Of course, funding these changes to public transport can be a challenge for cities. One solution could be to introduce a Workplace Parking Levy as used in Nottingham, or a congestion charge. Both schemes work by charging individual car users more to reflect the wider societal costs of their private car travel and thereby provide a revenue stream to improve buses or tor other active travel alternatives.
Planning policies to promote urban density can help in reducing the need for cars. Moreover, mixed-use buildings, well-served by public transport and interspersed by networks of parks, can also increase conviviality, efficiency and prosperity of a city.
Copenhagen has for a long time used spatial planning to improve sustainability and wellbeing by focusing on strategic density around the public transport network. No major employer is further than 600 metres away from the closest public transport station. This allows the city to maintain green spaces in and around the city, providing green lungs and cool areas in the heat. Combining this with over 200 miles of bike lanes, cars are becoming a less attractive transport choice, with a third of all commuters using public transport and over 40 per cent cycling.

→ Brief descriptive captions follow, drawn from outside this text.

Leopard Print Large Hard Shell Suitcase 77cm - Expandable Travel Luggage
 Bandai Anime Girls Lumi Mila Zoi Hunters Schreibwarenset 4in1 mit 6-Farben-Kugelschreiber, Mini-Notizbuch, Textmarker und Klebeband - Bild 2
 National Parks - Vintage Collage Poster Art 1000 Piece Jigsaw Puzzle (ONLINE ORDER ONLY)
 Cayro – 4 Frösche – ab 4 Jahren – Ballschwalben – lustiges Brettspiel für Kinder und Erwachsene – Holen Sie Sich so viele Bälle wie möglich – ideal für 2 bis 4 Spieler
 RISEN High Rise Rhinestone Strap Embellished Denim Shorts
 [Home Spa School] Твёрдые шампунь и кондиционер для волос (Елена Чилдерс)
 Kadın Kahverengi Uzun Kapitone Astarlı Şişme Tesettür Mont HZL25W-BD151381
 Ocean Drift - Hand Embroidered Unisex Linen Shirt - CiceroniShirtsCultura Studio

When developing housing and business space, UK cities should ensure that it is well-connected to public transport networks and cycle lanes, thereby reducing car dependency and limiting congestion. In addition, restricted parking should be considered. Reducing car dependency is not only beneficial for the environment but also has the potential to increase the mobility of those for whom car ownership in unfeasible, either because of their income, health or age.
The UK will have to insulate 25 million homes to meet their energy targets by 2050, as its draughty housing stock is among the worst in Europe. Given that half of the houses in the UK are in cities, this is largely an urban issue. The Government’s decision to scrap the green deal home development fund (originally launched in 2013) and the zero carbon homes policy (announced in 2006) has not helped. Instead, improvements to energy efficiency in homes have stalled since 2015.
Without a national policy, cities need to take the lead on retrofitting houses and making sure new homes are efficient – and New York provides a good example for other places to follow. In 2009, it launched the Greener, Greater Building Plan, aimed at cutting emissions by the city’s large building, which are responsible for 45 per cent of carbon pollution. The plan introduced retrofitting and other cost-effective measures that have reduced businesses’ energy use by up to 31 per cent.
London too has tried to tackle these issues through the RE:FIT programme, launched in 2009 to help public sector organisations set up cost-and-energy-efficient retrofit projects. So far, the programme has saved 149 thousand tonnes of carbon dioxide and more than £7 million of public sector investment. This is a good start, but extending such projects to private homes is essential.
Cities are in a unique position to devise place-tailored planning policies and housing initiatives that reduce carbon emissions from the built environment and transport. Tackling climate change by reducing energy consumption is necessary and goes hand in hand with making our cities more resilient, liveable and prosperous.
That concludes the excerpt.